Caminaba al borde del acantilado.
Oteaba al horizonte inmenso.
La tristeza había hecho un nido en su pecho.
— Solo saltar al vacío y todo habrá terminado — se dijo.
Se cabalgaban en su memoria tantos recuerdos que la atormentaban.
Tropezó y cayó cerca del borde. No sintió temor alguno. Miró hacia abajo y vio las olas como iban y venían, las rocas impasibles que parecían llamarla. Alguna que otra gaviota en su volar sereno. Era un día gris, el mismo sol se negaba a darle su consuelo. Comenzó a lloviznar. Cerró sus ojos y respiró profundo. Se levantó y extendió sus brazos.
Sin pensarlo dos veces se lanzó al vacío.
— Perdóname vida, mas no puedo más — Ni rastro de arrepentimiento por lo que había hecho.
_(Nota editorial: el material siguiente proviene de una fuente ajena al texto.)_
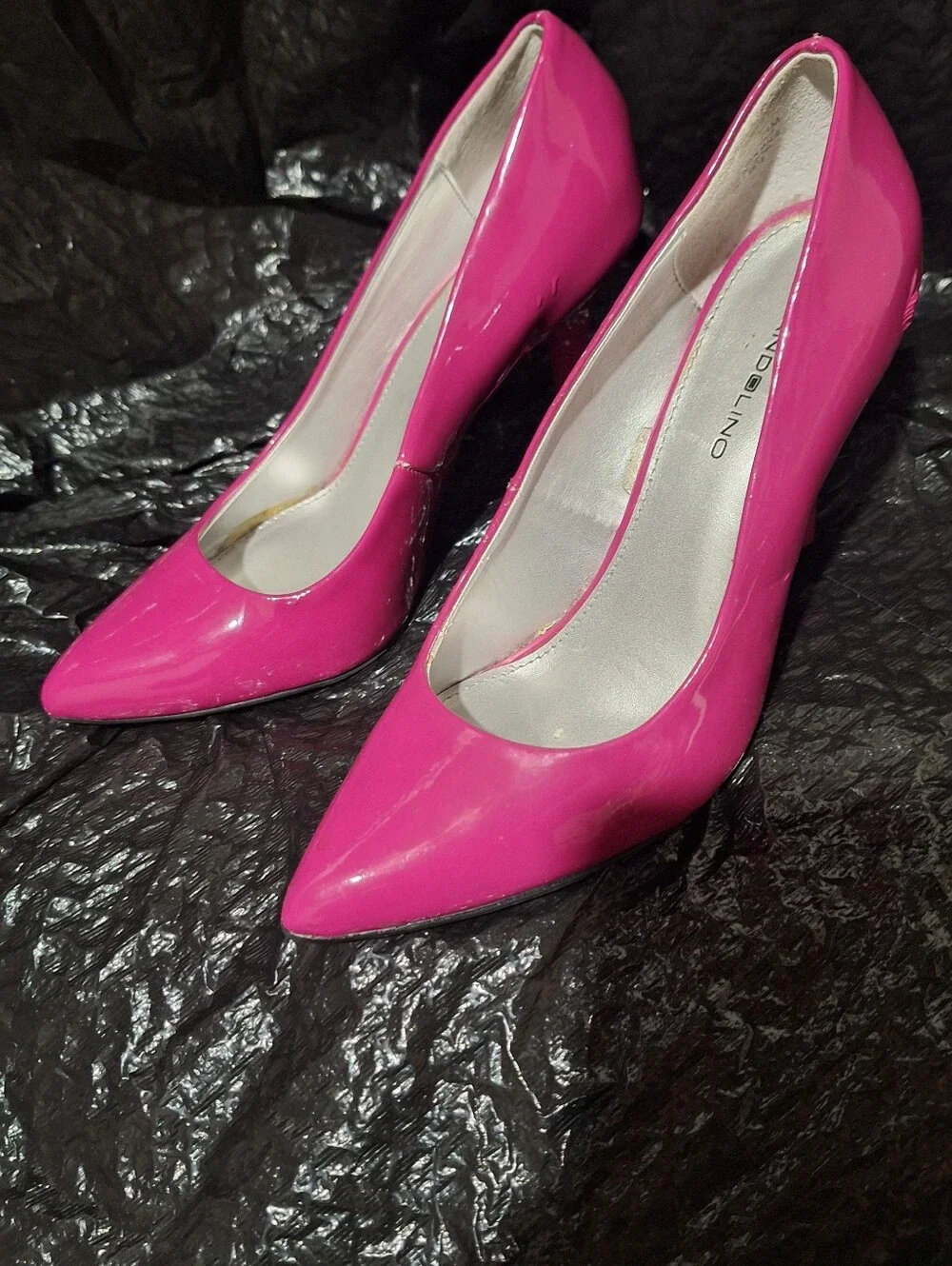Classic Women's Pointed-Toe High Heels in Hot Pink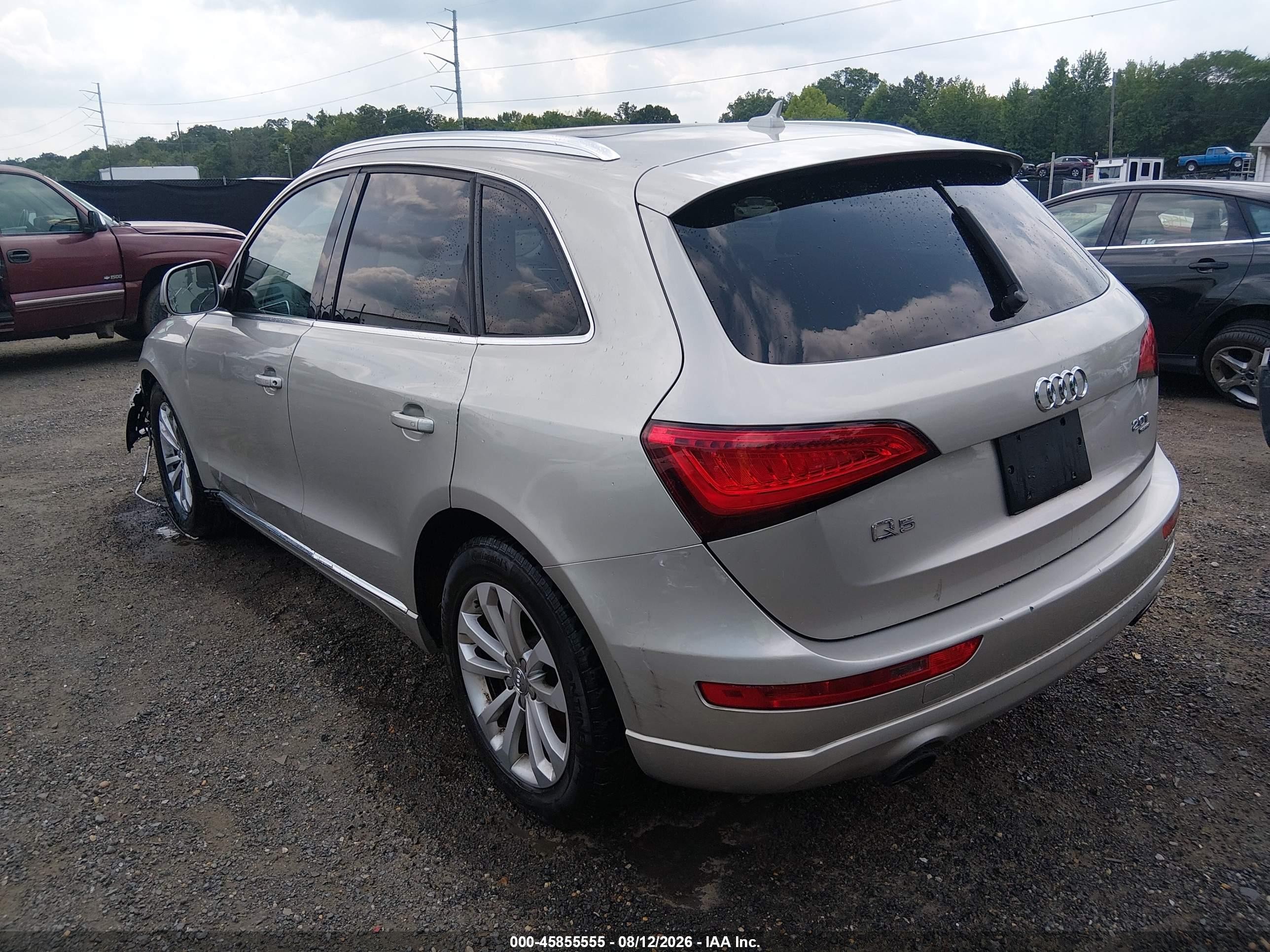 2014 Audi Q5 2.0t Premium Silver vin: WA1CFAFP7EA019078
Su dolorido y sufriente cuerpo atravesó veloz los aires en caída libre, hasta sentir un dolor agudo que la destrozó por dentro, seguido del total silencio. Todo terminó — se dijo — Sintió una profunda paz.
Las olas cubrieron su cuerpo y lo arrastraron hasta el fondo del mar. Nunca más lo devolvió, fue suyo por toda la eternidad.
Lo más triste fue que nadie, absolutamente nadie, en falta la echó.